Tomando como base a investigação desenvolvida no âmbito do trabalho de doutoramento, o presente artigo pretende apresentar uma nova narrativa para as formas da suburbanização na Área Metropolitana de Lisboa. Ao contrário daquele que tem sido o entendimento veiculado nas últimas décadas de que as periferias são territórios de caos e desordem, sem desenho nem regra, a presente narrativa pretende introduzir uma leitura dos territórios suburbanos que os configura num diálogo assíduo e incessante entre a regra e o modelo, numa oscilação ambivalente entre a norma e a inovação. Por um lado as formas da suburbanização veiculam a uniformização das regras e dos padrões; por outro lado configuram uma formulação experimental do espaço edificado da modernidade.
Com efeito, foi com a construção da periferia que, nos últimos 60 anos, se testaram e aferiram políticas públicas, se acolheram e conformaram leis e princípios reguladores, e se assistiu, concomitantemente, ao próprio esvaziamento das normas, à sua transgressão e violação.

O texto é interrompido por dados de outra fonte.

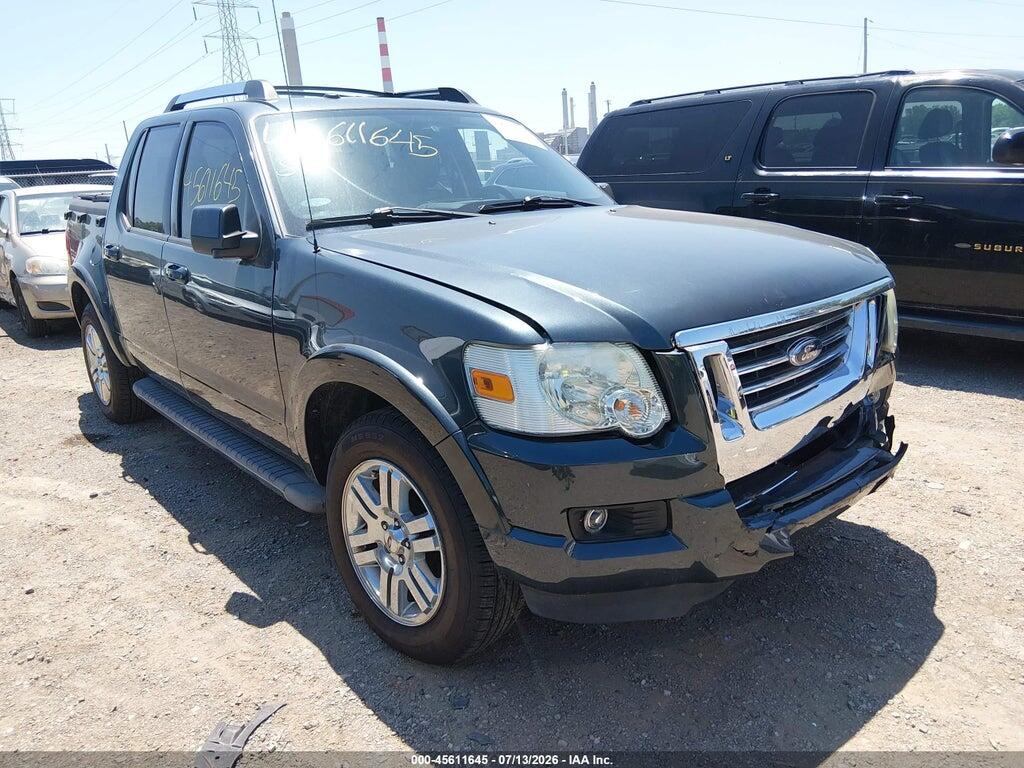 1FMEU5D88AUF07922 2010 FORD EXPLORER SPORT TRAC photo no. 1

Foi também com a construção da periferia que, nos últimos 60 anos, se puseram em prática modelos de espaço e de uso para a cidade moderna, se exploraram e transfiguraram os argumentos e os padrões urbanísticos da modernidade e que, no contexto da cidade extensiva, novas formas e padrões foram progressivamente surgindo como novos cambiantes ao espaço da modernidade.
Nesta perspetiva a tese que se pretende defender é a de que as periferias e as formas da suburbanização, particularmente na região de Lisboa, edificam a história do espaço urbano da modernidade, nas suas diferentes etapas e formulações.
Nesta ótica, e assente numa aproximação tipológica às formas da suburbanização, esta narrativa vem distinguir diferentes momentos e categorias no processo de urbanização da Área Metropolitana de Lisboa – as formas típicas da suburbanização na AML: Pegadas de arranque da suburbanização; Fragmentos poligonais de expansão; Intervalos eruditos de exceção; Arranjos de pormenor esporádicos; Operações urbanísticas de grande escala. Com base na análise de alguns casos de estudo que se centraram nos concelhos de Almada e Odivelas, esta narrativa das formas da suburbanização na periferia de Lisboa acaba por traçar uma viagem que oscila entra as formas e os argumentos do projeto e urbanismo modernos, a história do Direito do Urbanismo em Portugal, a sua normalização e as práticas de gestão urbanística, e a concretização da cidade e do espaço edificado no decorrer do período urbano expansionista.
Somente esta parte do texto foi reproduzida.